III. — A la distinction des sphères respectives des institutions civiles et des institutions publiques se rattachent deux notions appartenant spécialement à l’une et à l’autre de ces deux sphères, sans se confondre tout à fait avec elles. C’est, d’une part, l’administration publique, et, d’autre part, le fisc.

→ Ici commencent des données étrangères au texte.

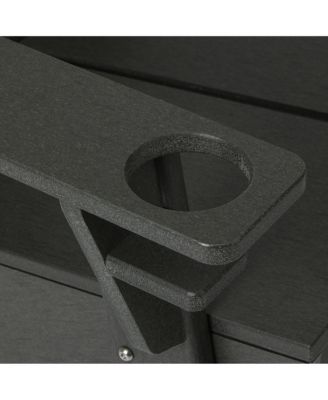 Outdoor 4-Piece HDPE Modern Adirondack Chairs Set with Folding Patio Ottomans and Cup Holder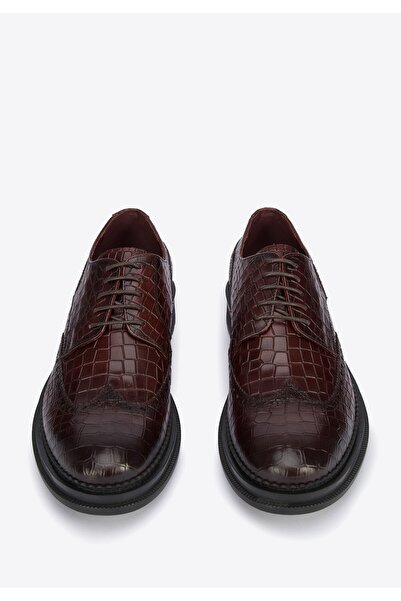 Wittchen Men's Croco Leather Brogues Burgundy Burgundy Leather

1) L’administration de l’Etat et celle des corps d’administration propre poursuivant les buts de ces corps, c’est l’activité dirigée en vue de satisfaire des intérêts publics. Que, dans le cas donné, elle agisse à la manière de l’économie privée ou à la manière de la puissance publique, il est indifférent de la qualifier. Mais il n’en est plus ainsi, quand la chose commune, par toute une branche de son activité, prend nettement la situation d’un entrepreneur privé poursuivant ses intérêts économiques à côté des intérêts publics. L’Etat se fait propriétaire rural, commerçant, industriel ; ou bien il exerce un métier, il exploite une possession, un capital comme un particulier. Pour tous les rapports qui en résultent, l’application du droit civil est naturelle. Mais par toute (182) cette activité, l’Etat sort de son rôle général. C’est encore de l’administration, mais c’est plutôt une administration comme celle d’un particulier qui gère ses affaires. On parle ici d’administrations fiscales. La chose commune poursuit ici, dit-on, non pas des intérêts publics, mais ses intérêts privés6.

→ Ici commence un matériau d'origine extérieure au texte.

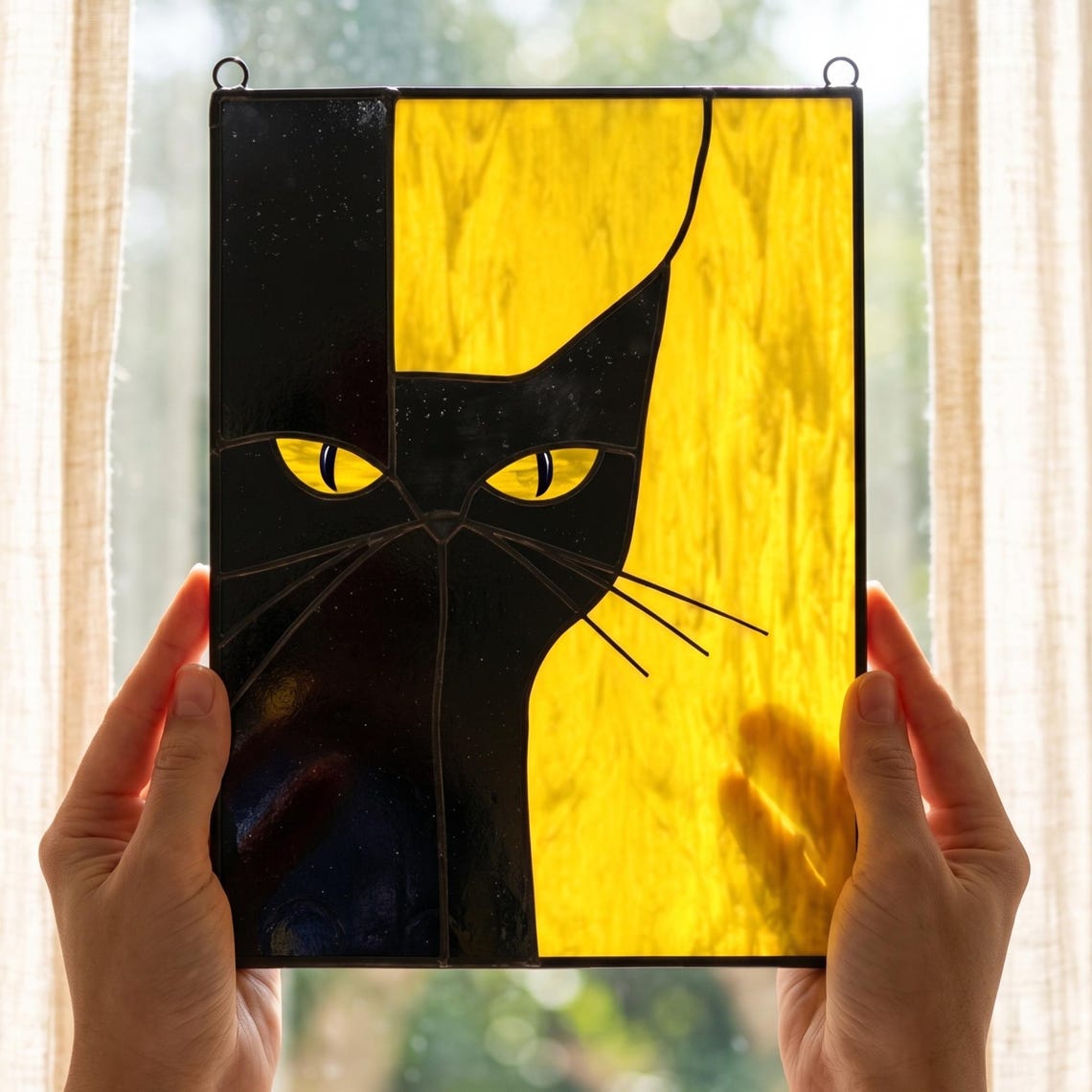 Cat Stained Glass Pattern, PDF Template for Panel (digital Download) - Etsy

Pour marquer la différence, nous désignons ce qui reste — par suite toute l’administration que l’Etat ne fait pas comme entrepreneur privé — sous le nom d’administration publique. Cela a de l’importance : c’est seulement dans cette mesure, — par conséquent après l’exclusion de ces branches d’activité spéciales — que l’administration manifeste son caractère propre en ce qui concerne le droit à lui appliquer ; c’est seulement de l’administration publique qu’il est vrai de dire que le droit public est le droit qui est naturel à l’Etat et qui lui convient. Il y a une présomption que c’est le droit public qui est applicable. Ici encore, des rapports isolés pourront se présenter, ayant un caractère d’économie privée et qui, par conséquent, soumettent l’Etat au droit civil. Mais, pour la sphère de l’administration publique, ce sont des cas exceptionnels, qui, chaque fois, devront être justifiés spécialement7.
2) Le Fisc n’est plus ce qu’il était au temps du régime de la police (§ 4, III, no 2 ci-dessus). Il est inexact de soutenir qu’on comprend mieux aujourd’hui la nature du fisc. Le fisc avait été, en réalité, (183) une personne morale distincte de l’Etat ; la pratique du droit avait tiré de cette idée toutes les conséquences. Aujourd’hui, on s’accorde à reconnaître que le fisc est simplement l’Etat lui-même considéré d’un certain côté. On parait même s’entendre sur la nature spéciale de ce côté de l’Etat : le fisc, dit-on, c’est l’Etat en tant que personne morale à laquelle appartient la fortune publique ; c’est l’Etat poursuivant ses intérêts pécuniaires8.
Mais dès qu’il s’agit de démontrer l’utilité pratique de cette notion — car il faut qu’une notion scientifique ait une utilité pratique — nous voyons surgir les divergences.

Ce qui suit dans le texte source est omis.